PLoS ONE (Jan 2020)

Propensity score adjustment using machine learning classification algorithms to control selection bias in online surveys.

  • Ramón Ferri-García,
  • María Del Mar Rueda

DOI
https://doi.org/10.1371/journal.pone.0231500
Journal volume & issue
Vol. 15, no. 4
p. e0231500

Abstract

Read online

Modern survey methods may be subject to non-observable bias, from various sources. Among online surveys, for example, selection bias is prevalent, due to the sampling mechanism commonly used, whereby participants self-select from a subgroup whose characteristics differ from those of the target population. Several techniques have been proposed to tackle this issue.
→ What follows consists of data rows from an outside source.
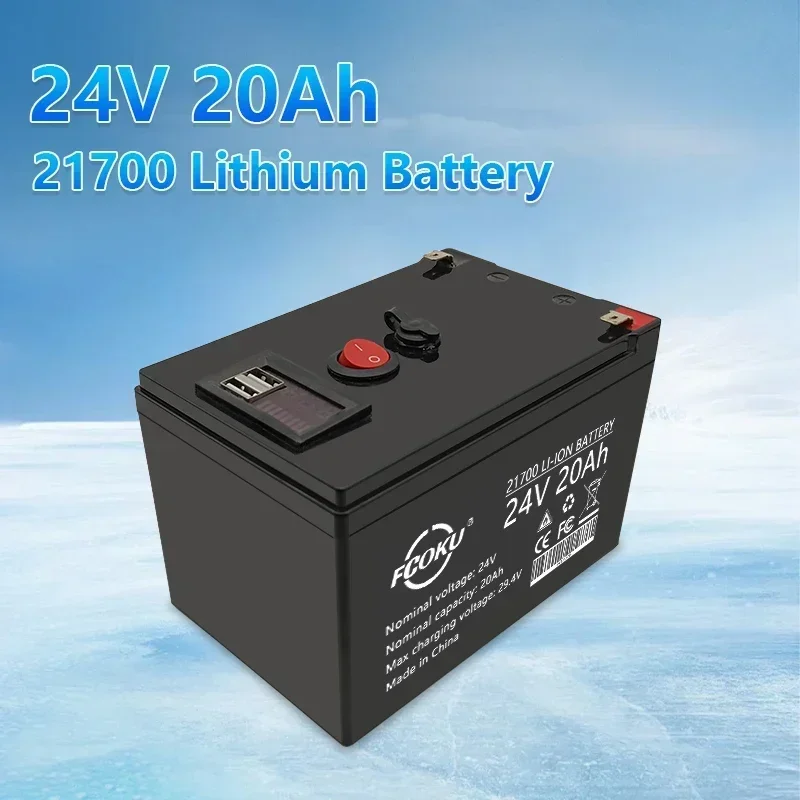 

High-Capacity 21700 6S3P 24V 20Ah Rechargeable Lithium Battery Pack,for Solar Energy Electric Vehicle Li-ion Battery+ Charger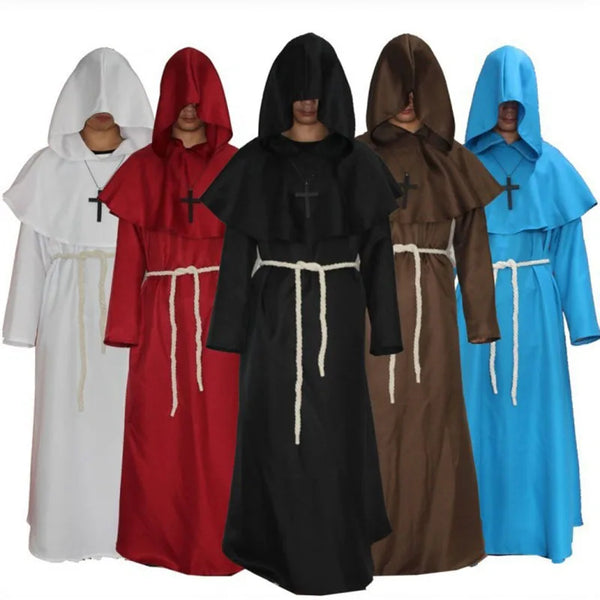 Medieval Ancient Monk Robes Wizard Priest Mask Halloween Mask - black / XXL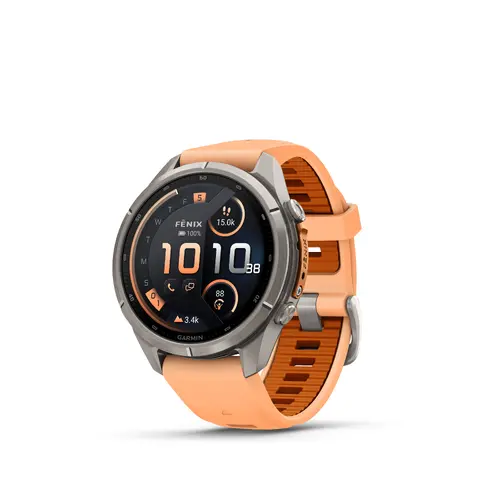 Garmin fēnix® 9 Pro, inReach® - 43 мм - Titanium с shell pink/autumn orange силиконова каишка 010-04335-01 Garmin fēnix® 9 Pro, inReach® - 43 мм - Titanium с shell pink/autumn orange силиконова каишка 010-04335-01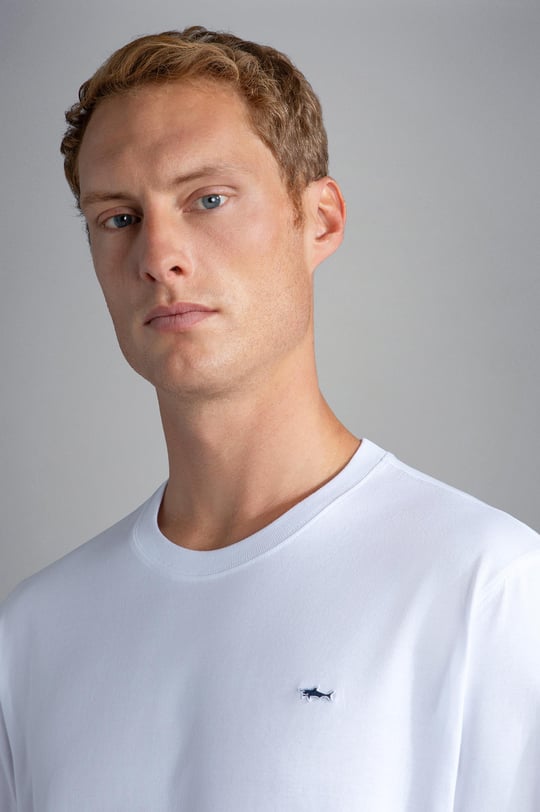 Paul Shark Paul Shark Erkek %100 Pamuklu Basic Uzun Kollu Sıfır Yaka Marka Logolu Beyaz T-Shirt C0P1093-010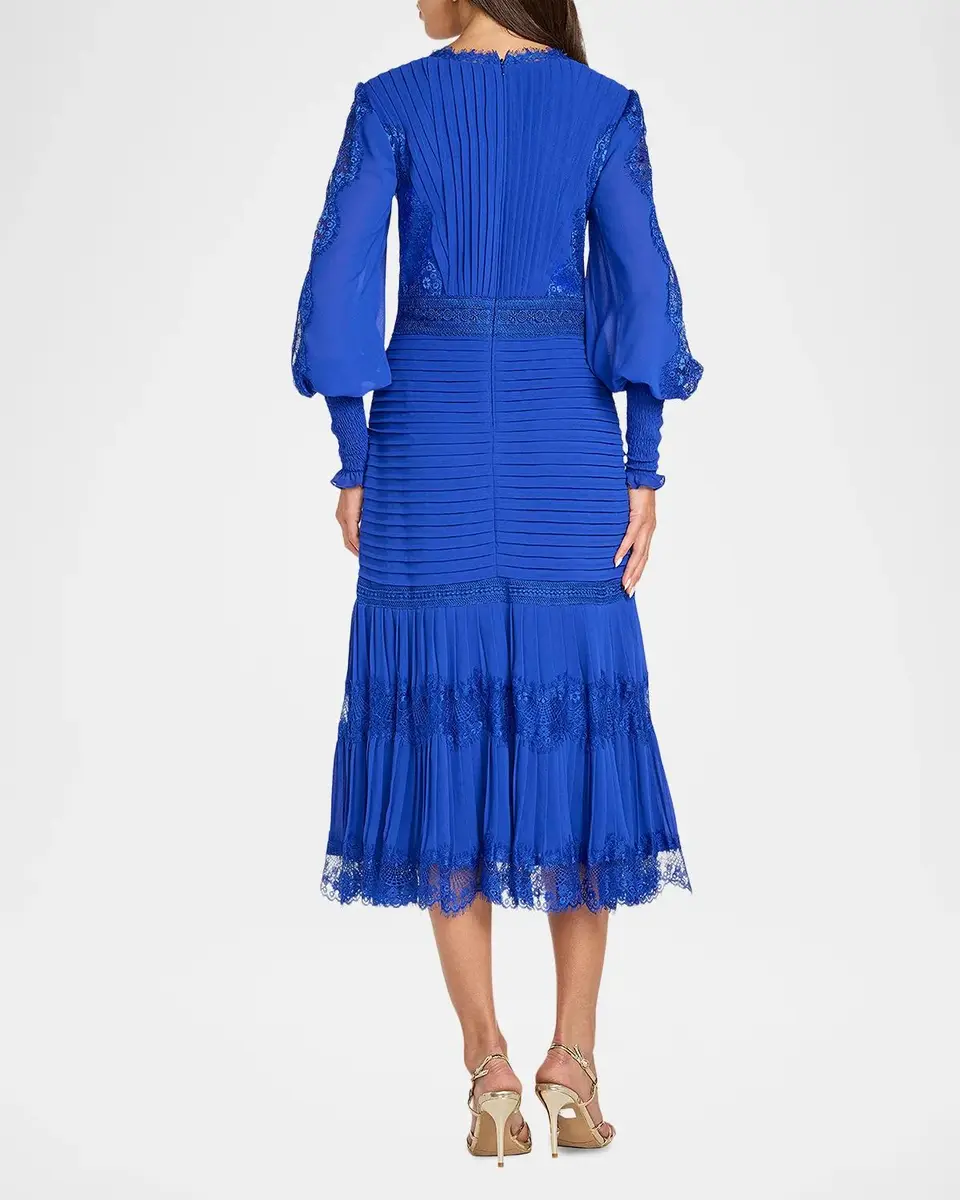 Tadashi Shoji Pleated Chiffon & Lace Bishop-Sleeve Dress | Thumbnail 3 Tadashi Shoji Pleated Chiffon & Lace Bishop-Sleeve Dress | Thumbnail 3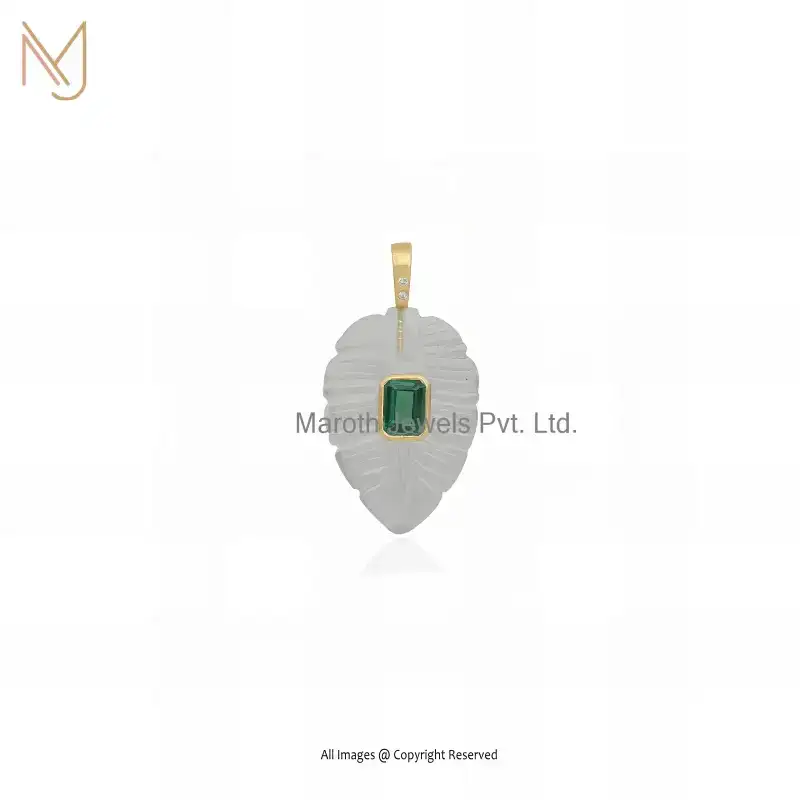 925 Silver Yellow Gold Plated Amethyst & Cubic Zircon Gemstone Leaf Pendant Jewelry Supplier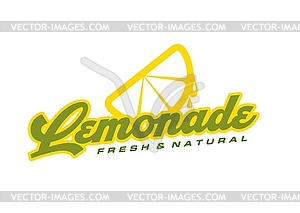 Lemonade drink icon, lemon fruit juice symbol - vector image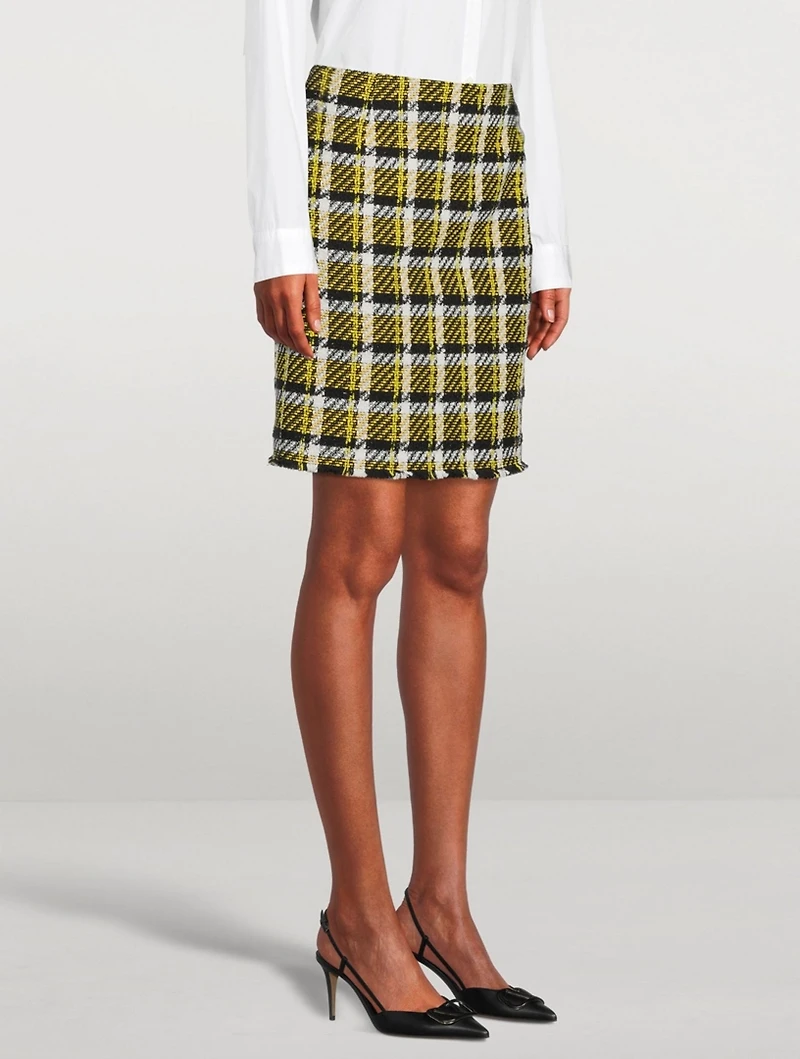 Tweed Mini Skirt Glen Check Print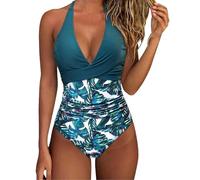Maillot De Bain Taille Haute Femme Grande Taille Col V Sexy Elégant Tankini Amincissante Body Imprimé Tropical Maillot De Bain Mesh Transparent Monokini Push Up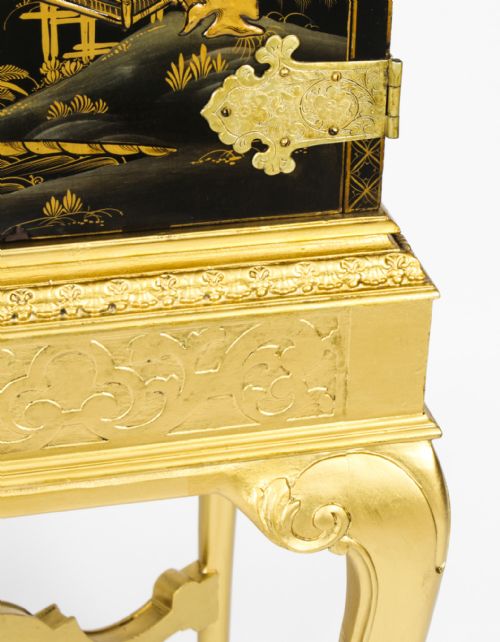 fig 5. Antique Chinoiserie Lacquer Cabinet on Giltwood Stand Circa 1900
One such is Propensity Score Adjustment (PSA), which is widely used and has been analysed in various studies. The usual method of estimating the propensity score is logistic regression, which requires a reference probability sample in addition to the online nonprobability sample. The predicted propensities can be used for reweighting using various estimators. However, in the online survey context, there are alternatives that might outperform logistic regression regarding propensity estimation. The aim of the present study is to determine the efficiency of some of these alternatives, involving Machine Learning (ML) classification algorithms. PSA is applied in two simulation scenarios, representing situations commonly found in online surveys, using logistic regression and ML models for propensity estimation. The results obtained show that ML algorithms remove selection bias more effectively than logistic regression when used for PSA, but that their efficacy depends largely on the selection mechanism employed and the dimensionality of the data.